Reformation … Thanksgiving …

Yes, but also beauty, dying, death.

The red-yellow falling leaf … October splashes beauty and death before our eyes in one breath. Through nature, God paints beauty in death. No other month is quite like it.

The coloring, falling, decomposing: in all of this autumn leaves speak to us. Examining them one by one, raking them in piles – autumn leaves address us. Especially about death.

Falling LeavesIn one sense, we are all leaves wait­ing for our season, knowing death will come. Not that we really know what death is. We know, of course, a proper definition of death. We know that death, in its broadest sense, is threefold: spiritual, physical, eternal. We know, too, that each sense is definable in terms of separation. Physical death denotes separation of soul and body; spiritual death, separation of God and soul; eternal death, separation of God from soul and body in eternal perdition.

But there is something awesome about death – even physical death that we can't grasp. Unnatural before the fall, chosen in the fall, and inevitable since the fall, death spells separation in unspeakable reality. That's why we never need say much at the time of death. Death itself preaches a most powerful sermon.

Due to our depravity, however, we do not always feel the full weight of death's sermon. Hence, no wonder attitudes to death are so diverse. The blatant infidel defies death until his last breath. The stoic pretends not to fear it. The Christian Scientist denies it. The despairing seek it. The Moslem fanatic hopes to earn a martyr's crown through it.

Most of us, however, are death-escapists. Inwardly, we tend to pattern Louis XV who forbade his servants to mention the word in his presence. For fear of facing death, Western society in particular substitutes other words, shallow condolences, flowery coffins. Blocking out personal death, we envisage others dying before ourselves. As Puritan Nehemiah Rogers noted: "There is none so old but thinks he may live one year longer."

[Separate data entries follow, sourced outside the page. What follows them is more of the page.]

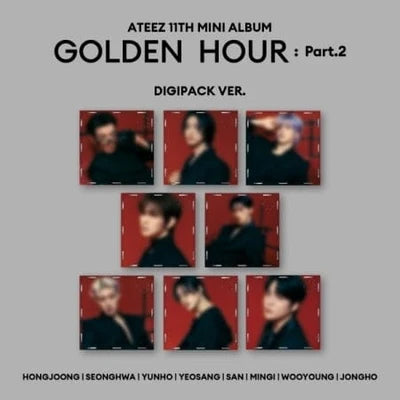 ATEEZ – 10th Mini Album [GOLDEN HOUR : Part.2] (Digipack ver.)(Random ver.)
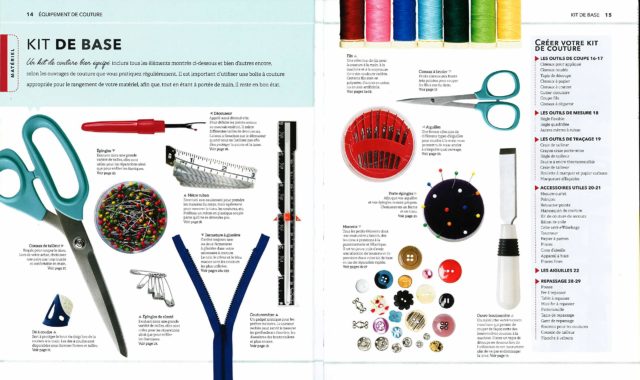 La nouvelle Encyclopédie de la Couture Kit de base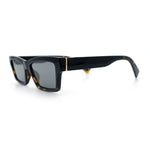 Hipster Dad Fashion Narrow Rectangle Thick Plastic Horn Rim Sunglasses
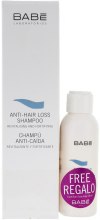 Духи, Парфюмерия, косметика Набор против выпадения волос - Babe Laboratorios (shm/250ml + shm/100ml)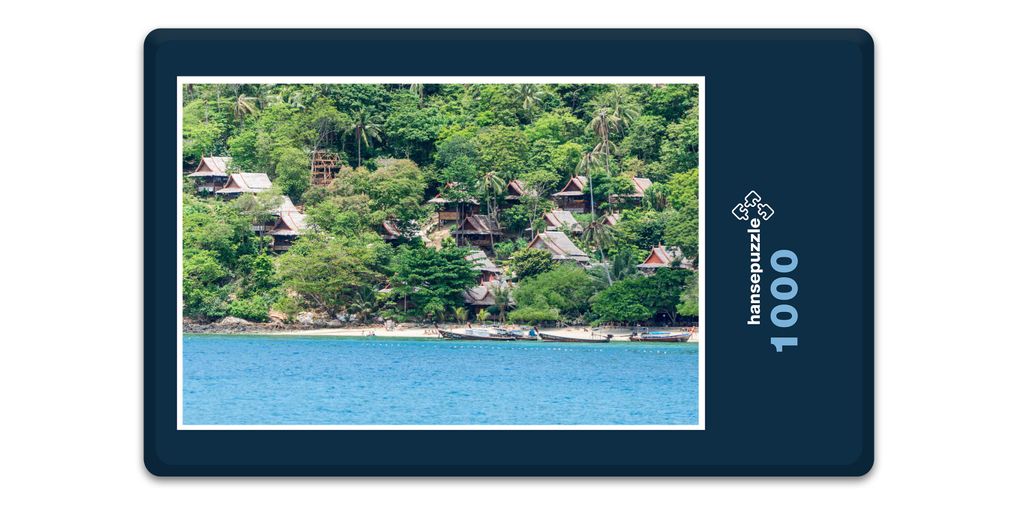 hansepuzzle 12752 - Phuket Puzzle, 1000 Teile, Reisen, 60,0 x 46,0cm mit hochwertiger Aufbewahrung, Kartonbox und wiederverschließbarem Beutel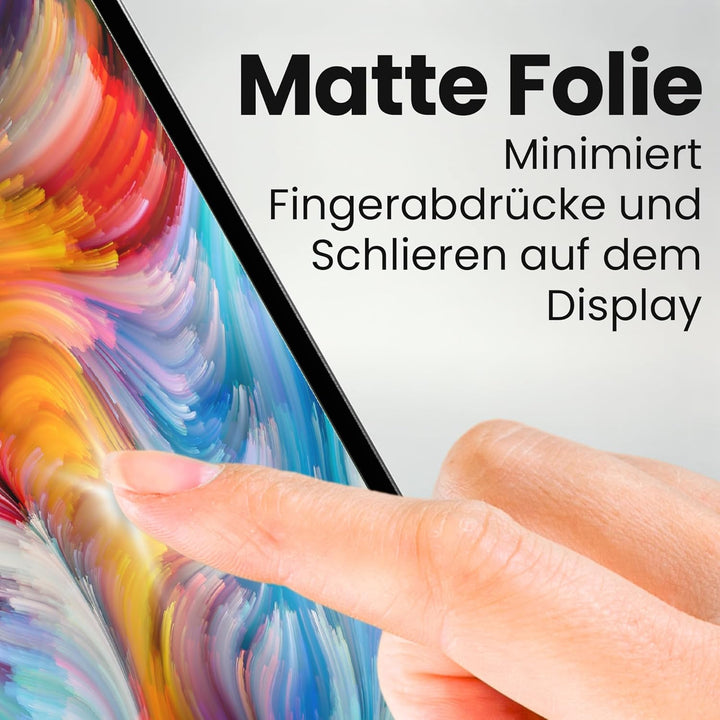 atFoliX Panzerfolie kompatibel mit Wacom CINTIQ 21UX 1 Generation Schutzfolie, entspiegelnde und sto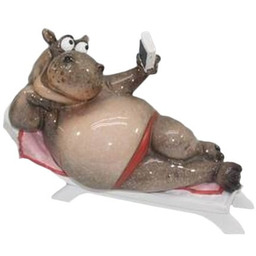Figurka dekoracyjna Hipopotam 13,5x19x9 159215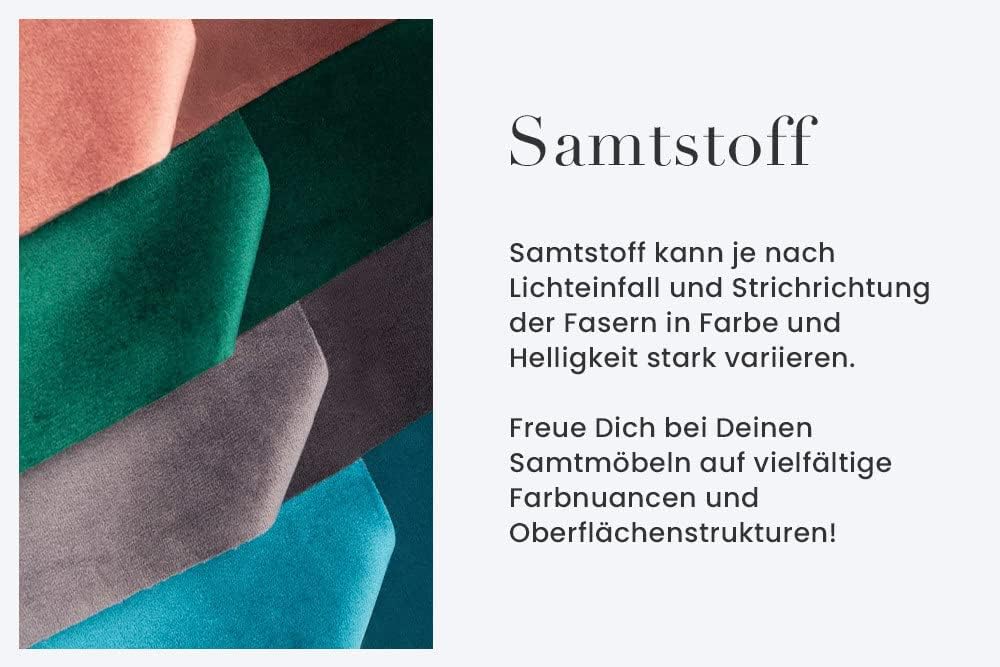 Riess Ambiente Moderne XXL Wohnlandschaft Kent 305cm grau Samt Bigsofa inkl. Hocker Federkern Samtsofa Samtcouch Ecksofa Eckcouch U-Sofa U-Couch Wohnzimmer
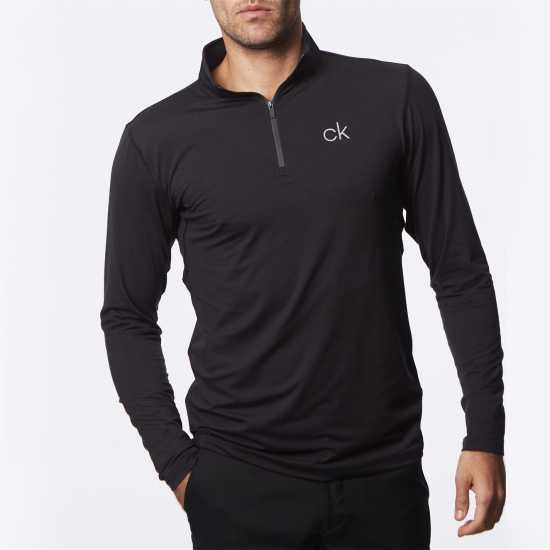 Calvin Klein Golf Newport Zip Top Black Мъжки пуловери и жилетки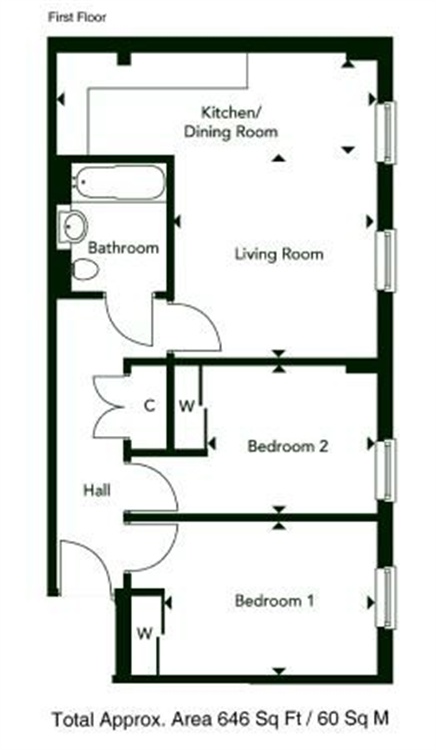 Westking Place, Bloomsbury, London, WC1H floorplan
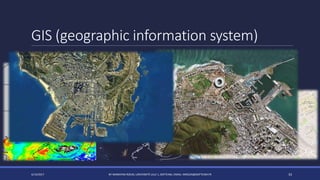 GIS (geographic information system)
4/14/2017 BY MARKIYAN RIZUN, UNIVERSITÉ LILLE 1, SOFTEAM, EMAIL: MRIZUN@SOFTEAM.FR 33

Nevertheless, nothing is so sure as death. Often uncertain events on earth that never transpire are planned for in detail, but how few efforts are put forth to prepare for inevitable death! Many prepare more for a week's vacation than for an all-decisive journey to eternity.

The true Christian also must die. "A godly man is free from the sting, but not from the stroke; from the curse, but not from the cross of death," George Swinnock wrote. Though taught to face death before death comes, true believers still need dying grace in death's black hour of power. Even Moses, who witnessed more deaths than any person on earth more than half a million in forty years – prayed, "Teach us, O Lord, to number our days, that we may apply our hearts to wisdom" (Ps. 90:12).

Away then with the myth that Jordan's river of death is always an easy passageway for God's child! Though stripped of its terrors, robbed of its sting, and disarmed of its victory, death remains for God's saint the last conflict and enemy.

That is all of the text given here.